Our expectation is that the authors will eventually carry out the additional experiments and report on how they affect the relevant conclusions either in a preprint on bioRxiv or medRxiv, or if appropriate, as a Research Advance in eLife, either of which would be linked to the original paper.

Summary:

Both reviewers found points of interest in your manuscript, and appreciated the usefulness of a simple model that is consistent with the data. However, both have also raised some important issues which need to be addressed, which range from clarity of the presentation, to questions about the methods, and robustness of the results. Please address each of the issues raised below by the reviewers in your revised manuscript.

In addition, it is clear from the reviews and our reading that you have not ruled out other more complex models (e.g. models with interactions). Therefore, we would like you to remove or rewrite statements that make overly strong claims about the real systems, and be more clear which claims are about your model and which about the real system.

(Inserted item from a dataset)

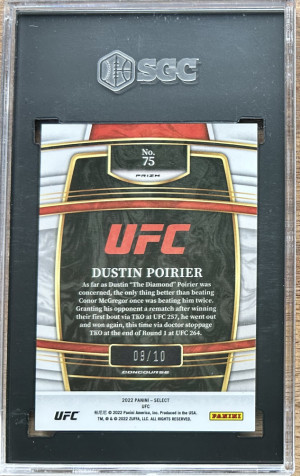 2022 Panini Select UFC Dustin Poirier Concourse Gold Disco 9/10 SGC 10 (POP 1) back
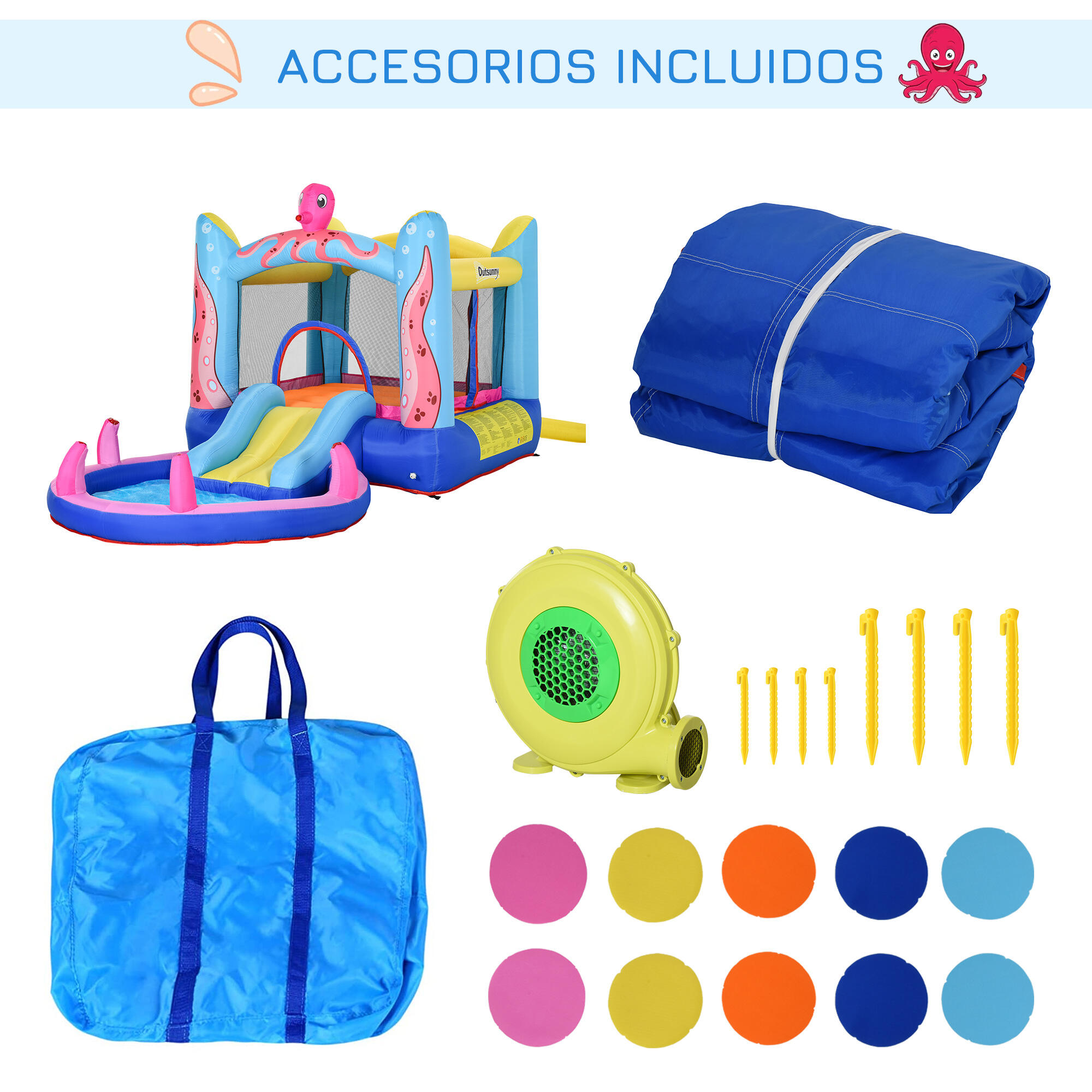 Castillo Inflable Infantil Outsunny 360x175x180 cm Multicolor 4/8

For instance, the last sentence of the Abstract – "This suggests that fluctuations in the sparsely sampled experimental time series are caused by extrinsic sources." – is too strong a claim to make about the real system. Another example from the Abstract is "We show that the noise term should be large and that it is a linear function of the species abundance, while the strength of the self-interactions should vary.…", which should be modified to make it clearer that these are requirements for the model to fit the data.

Reviewer #1:

Deschmeemaeker et al., use a stochastic generalized Lotka-Volterra model to demonstrate that the properties of human microbes can be explained using a logistic modeling approach. Moreover, their results suggest that the niche state of community dynamics can be explained by the intraspecies fluctuations!, this outcome I find particularly interesting. The manuscript highlights a novel approach to studying complex microbial communities and the findings are generally interesting. However, I would suggest some changes. Mostly, these concerns can be considered minor, but answering them is crucial for more transparency and clarity on the work presented in this manuscript.

1) Palm and tongue, as well as gut microbiomes, change over time. I would have imagined that these changed cause changes in the rank abundance profile of a community over time. The data, therefore, is interesting (because it is derived from human-associated microbial communities), though not surprising.

2) Readers will benefit if the authors can include information from the methods sections. Such as definitions of noise, noise color, abundance and time series can be included in the main text. This change will help the message from this manuscript to be more accessible to a broader audience.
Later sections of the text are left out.